Il caso dell’Italia è particolarmente interessante perché, se da un punto di vista prettamente economico, analizzando il Prodotto Interno Lordo (GDP per Capita) la posizione nella classifica mondiale ci vede al trentesimo posto, quando si vanno ad esaminare aspetti più “sociali”, il ranking crolla miseramente fino agli ultimi posti nelle singole classifiche.

Se si considera il grado di libertà nel poter fare scelte di vita (Freedom to make life choices) il punteggio italiano si posiziona solo al 133esimo posto figurando anche come uno dei fanalini di coda a livello europeo, mentre in cima alla classifica mondiale compaiono Uzbekistan, Cambogia e Norvegia, tre paesi che difficilmente si è soliti accostare l’uno all’altro.

Quando poi si passa alla percezione di corruzione all’interno del proprio paese (Perception of corruption), ecco che l’Italia sprofonda ancora più in basso chiudendo addirittura in 142esima posizione, in compagnia di svariati paesi africani e dell’asia medio orientale, con la sola Russia (144esima) unica altra “big” a figurare nei bassifondi della graduatoria dedicata.
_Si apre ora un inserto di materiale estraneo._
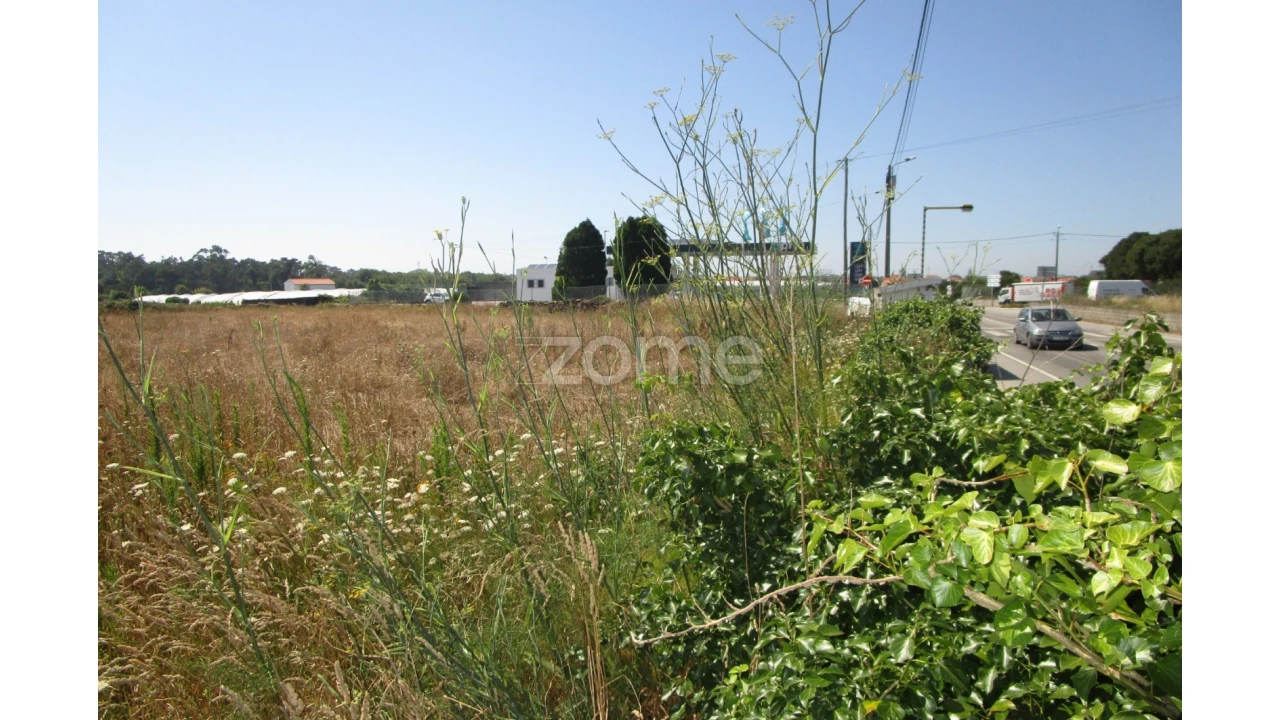 Terreno para Venda em Apúlia e Fão Foto 8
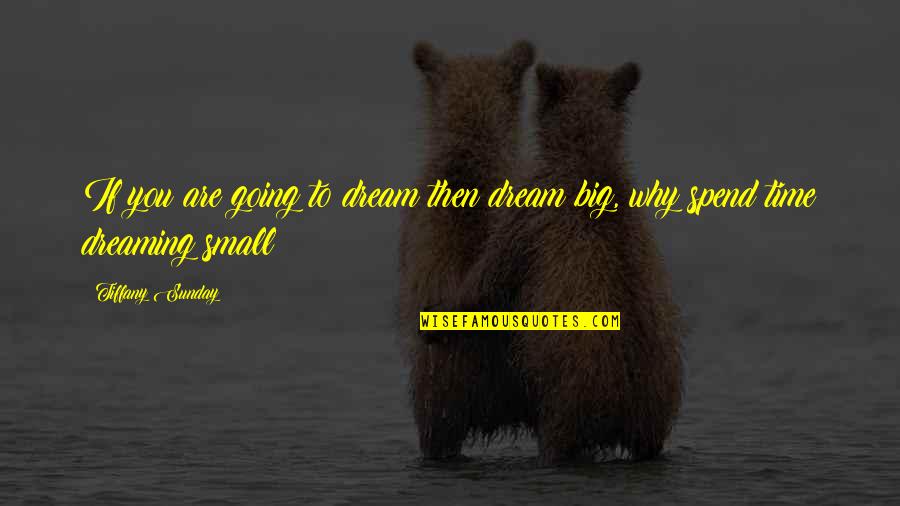 Levester Williams Quotes By Tiffany Sunday: If you are going to dream then dream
Fortunatamente, almeno sul fronte dell’aspettativa di vita (Healthy Life Expectancy) lo stivale italiano recupera qualche punto complessivo risultando come uno dei paesi nelle prime posizioni mondiali classificandosi al sesto posto dietro a quattro paesi orientali guidati da Hong Kong e alla Spagna in quarta posizione.